In the material below, find the line containing "FUNK BRAZILIAN EL PRADO MEGA SLOWED" and the line containing "My High School Bully - Chapter 104 65", then reproduce exactly both of them and every line between, and nothing else.

[RECORDS PROVIDED]:
= Beginning of Section =

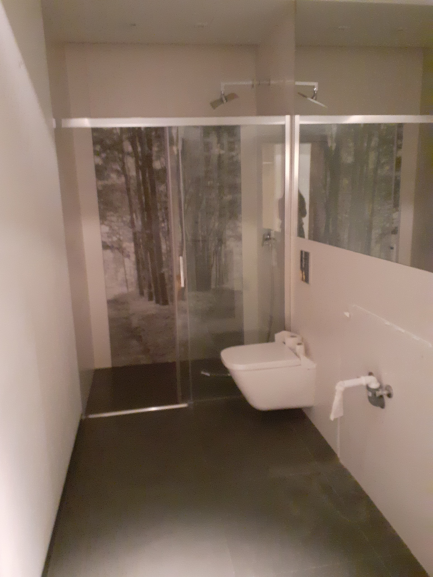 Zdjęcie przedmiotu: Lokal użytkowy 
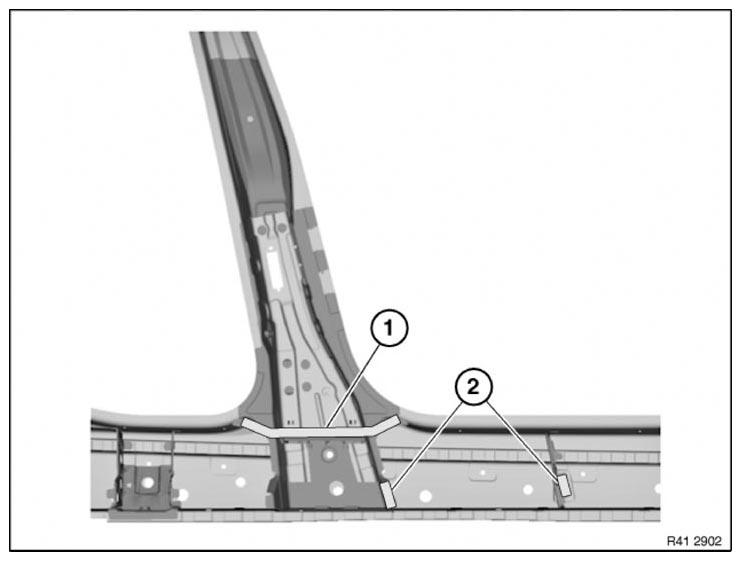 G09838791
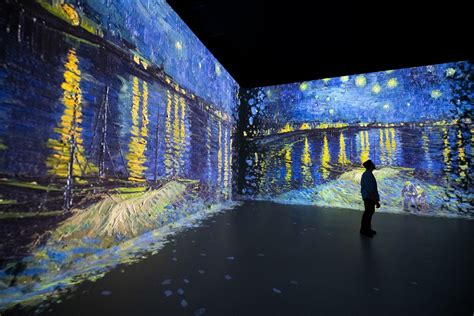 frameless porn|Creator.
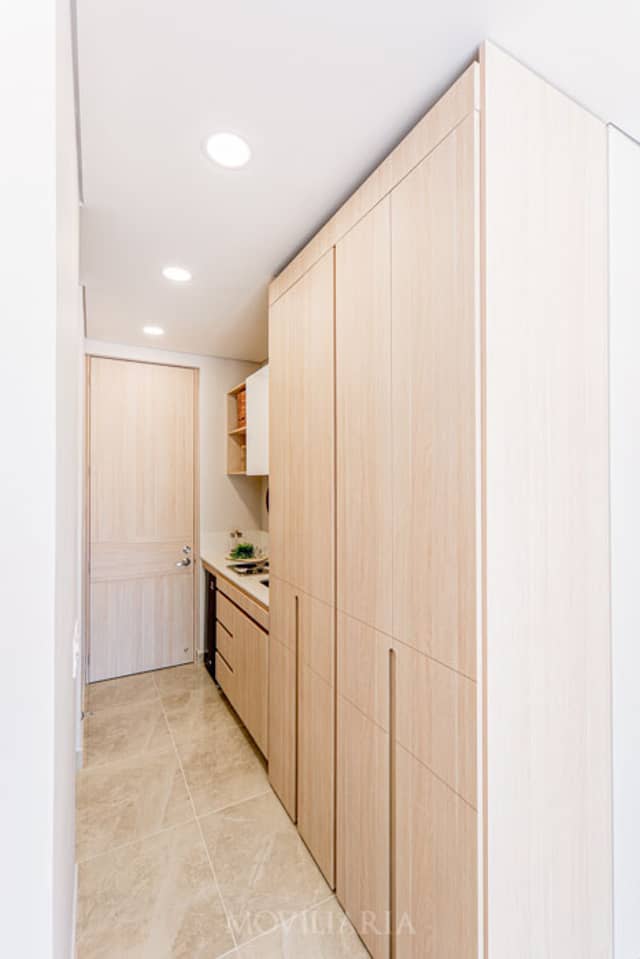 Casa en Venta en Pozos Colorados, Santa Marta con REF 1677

= End of Section =
= Beginning of Section =

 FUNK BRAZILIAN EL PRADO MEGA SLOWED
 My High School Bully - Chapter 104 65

= End of Section =

[EXERCISE ANSWER]:
 FUNK BRAZILIAN EL PRADO MEGA SLOWED
 My High School Bully - Chapter 104 65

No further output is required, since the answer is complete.